Web3 and blockchain can reverse this “flow”. Patients (or customers) might still pay for products/services, but they would be in complete control of the data. Like on your blog on Mirror.


This is the last topic I thought I’d cover in this newsletter. I see why people are attracted to NFT art - it’s collectibles, community, and ownership. I don’t think NFT artworks are bad. But I think the prices of some are absurd and don’t solve any real problems.

Yet, they’re great for building communities, and it was just a matter of time before a medical community was born out of NFTs. An example is ApeDocs.

An NFT is nothing else than a certificate that confirms you’re an owner of something. It doesn’t store any data, it just tells everyone else you own it.

I stumbled upon a great article by The Medical Futurist, which presents an idea for using NFTs in healthcare. That’s when it started making sense to me and I started believing they might serve a greater purpose.

Medical data from your examinations would be minted as NFTs - not to be sold as pictures like this X-Ray, but to be tracked, owned and even monetised. You could see exactly where your data is used and decide where you want it to be used or not.

Let’s say a research group needs your lab results from an examination you did last week. If they determined you fit their inclusion criteria, they would have to ask you to use your data - and you’d have to confirm via your wallet. And if they received funding for the research, you could even make some money for allowing your data to be used.

Apart from knowing exactly how your data is used (and maybe even monetise it), this would also ensure greater clinical trial transparency.

You have to look beyond JPEGs for NFTs to solve real problems.

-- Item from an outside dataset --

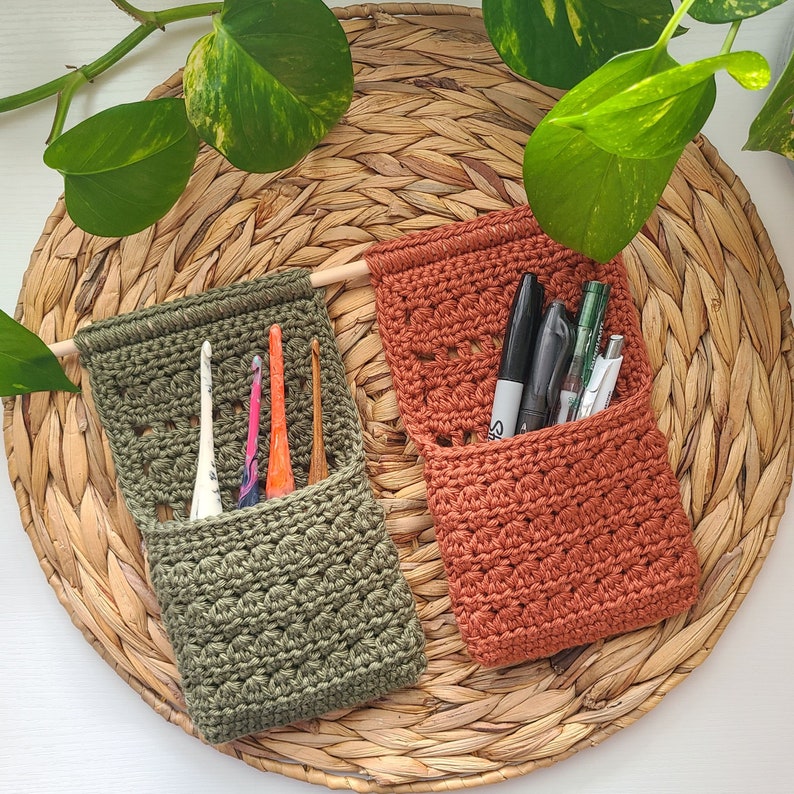 Two handmade crochet wall organizers in olive green and rust orange, each with a wooden dowel for hanging. The olive green organizer holds crochet hooks, while the rust orange one contains pens and markers. The organizers are displayed on a woven wicker tray.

I presume this is all a little confusing. I had a hard time understanding Web3 as well, until I started using it. For me, the easiest way was to create a wallet, interact with apps such as Mirror and buy a low-cost NFT (which was not the best experience).

I learned a lot, including many problems.

Firstly, most NFTs (artworks) today are minted on Ethereum. It’s the second most popular blockchain and is exciting for Web3 as it easily allows building apps on top of it. But the concern, from a user standpoint, is that it’s not cheap. Every transaction costs quite a lot of money (minting an NFT can cost $100), which in my opinion makes it unusable for an average patient. Fortunately, solutions are coming.

Secondly, transaction fees are a reward for miners that keep the blockchain running (also called gas fees). But there are only so many miners out there and the network can become congested, causing it to slow down. If you need a transaction quickly in a congested network, you’d have to pay even higher fees. That makes it (currently) unusable for healthcare.

Thirdly, owning data on Web3 means being fully responsible for it. Today, 23andMe is responsible for your genetic data. If they get hacked, they’re the ones who have to deal with it. The upside of companies storing your data is that you don’t have to care much for it. But if you own all of your medical data on your wallet and accidentally change permissions or god-forbid lose it, it’s on you.

It’s the same as the stories you hear about people, who lost their bitcoin wallets that would make them millionaires today.

I’m sure there are more (like consuming as much energy as entire countries), but this is what I experienced when I used some Web3 apps.

A nice resource to learn more specifics about it is this website.

Rainbow Knowledge Base
Rainbow is a fun, simple, and secure way to create an Ethereum wallet, collect NFTs, and explore the new world of Web3.

Otherwise, the whole Web3 idea seems interesting, and I’m excited to see how it develops!